April 2017 marks a special month for Danish three-piece MEW. It marks the 20th anniversary of their debut album A Triumph For Man and they are about to release a new full-length called Visuals later this week. That itself is quite historical as well since it not only appears barely two years after its predecessor (the band has never recorded and released an album so quickly) but it also marks their first LP without founding member Bo Madsen who left the group back in 2015. It’s a new era of vitality and excitement for singer Jonas Bjerre and his band and although we’re looking forward to the group’s upcoming musical endeavours we simply can’t and won’t ignore their legacy. And we highly recommend you to go through all previously released six studio albums by MEW and discover their epic, twisted, partly complex but also quite catchy ‘indie stadium rock’ as they once described it. The Zookeeper’s Boy from their 2005 LP And The Glass Handed Kites is such a classic that never fails to amaze us. For NOTHING BUT HOPE AND PASSION Bjerre wrote down the story behind the song.


Our song, The Zookeepers Boy, came about in a slow and unexpected way. It all started back in the year 2000, even though it would not be completed until several years later.

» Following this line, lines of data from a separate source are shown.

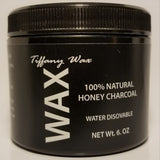 Tiffany honey charcoal body wax 6 oz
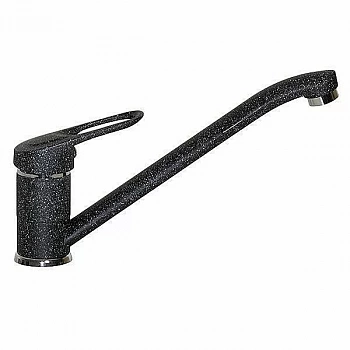 Смеситель для кухни MIXLINE ML-GS03 526195 черный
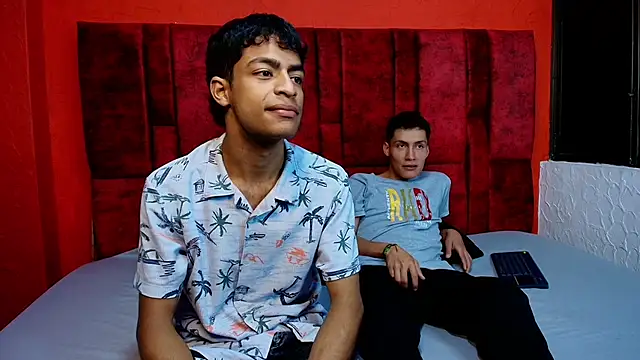 Snapshot of LuckandSamuel chatting on April 16, 2026, 2:12 am LuckandSamuel online show from April 16, 2026, 2:12 am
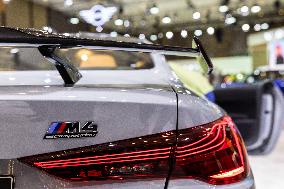 Inside The All-new BMW 4 In GAIKINDO Indonesia International Auto Show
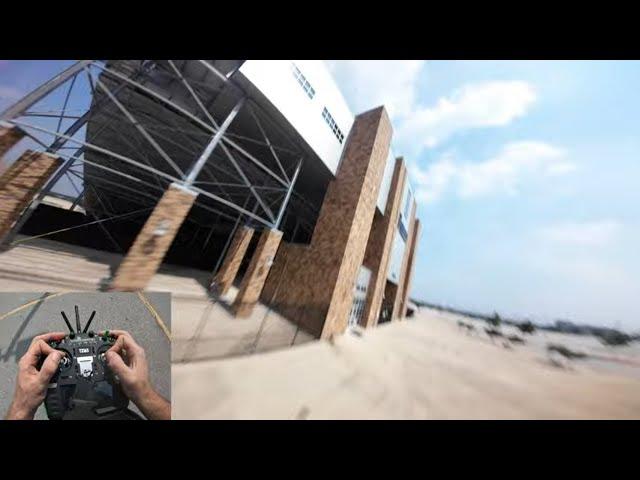 Another Stadium with all the Risk - FPV Freestyle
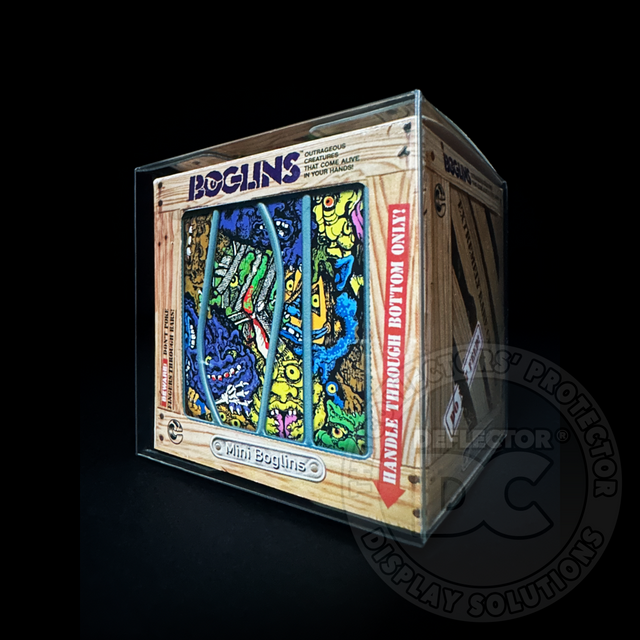 Boglins Mini Blindbox Figure Display Case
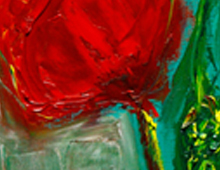Triptyque : &ldquo;Coquelicot&rdquo;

Johan and I were approached about writing a song for another, female, artist. She was a friend of ours, I can’t tell you her name, but she is cool and is now a director of documentary films. We had never written for somebody else before, and thought it was a fun challenge. We got together in my apartment, and wrote and recorded a song on my Cubase setup. I had a sampler that we used, but it was broken and you had to lean a heavy book upon a specific microchip inside the canister to make it work.

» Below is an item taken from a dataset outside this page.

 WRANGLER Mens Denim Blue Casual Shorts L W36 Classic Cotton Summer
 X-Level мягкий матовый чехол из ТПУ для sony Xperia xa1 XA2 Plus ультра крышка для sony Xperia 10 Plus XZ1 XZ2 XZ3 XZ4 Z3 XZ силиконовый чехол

The song was never used, I guess it was deemed too strange, or maybe the idea just didn’t translate in the way we had thought it would. But as luck would have it, there were two parts in this song, which later ended up in MEW songs. One was the bridge which became the bridge of our song Snow Brigade, the other was the outro. It was quite different then. Johan had come up with this chord progression, and I whistled a melody on top of it… I guess that really answers the question of why it was not used back then. Not many people consider whistling a surefire recipy for hot singles.

‘One of our most succesful songs’

Years later, we had a song going, we had moved to London and we were writing songs in our kitchen. The song was called Special, and we felt it needed an outro. So one night, when everyone was asleep (except for Silas because I used to keep him awake with my singing at night) I took this old outro, and played it backwards. The result was an unlikely chord progression, and a melody which sounded much more sad this way. The whistling melody I turned into the lead vocal line, just repeating the words: ‘Are you my lady?’. And then I just started coming up with counter melodies for it. It was late and I got into that headspace where you’re kind of falling asleep and your thoughts become weirdly unhinged. When it was morning, it had become almost a choral piece unto itself, with a large amount of melodies kind of weaving into one another, and I was quite excited to play it to the guys as they woke up. Luckily, everyone liked it, and we had a finished song.

Months later, we were in Los Angeles, and Michael Beinhorn who was producing the album said: ‘That outro is too good to be an outro. It has to be a chorus. You need to write more parts to go around it’. That was a bit of a shock. We’re not used to our song structures being questioned like that, but it kind of made sense to us. So we started a new search, for pieces to fit. About a year earlier, I had an idea to write a children’s album, ‘It’s gonna be great, I’m gonna be rich!’ I thought. But after finishing one song, the idea suddenly felt less exciting, and much less profitable. That song was called Animals Of Many Kinds, it was a kind of educational song, in which different animals are named, along with various traits and unique skills that they possess. Part of it, the part about the giraffe, became the pre-chorus in The Zookeeper’s Boy. Then all we needed was a bridge and two verses, both of which we wrote in the studio, in pre-production with Michael. It went on to become one of our most succesful songs. Just goes to show you, you play around with stuff, place a book on a microchip, come up with a few ideas and BAM! 5 years later you have a song!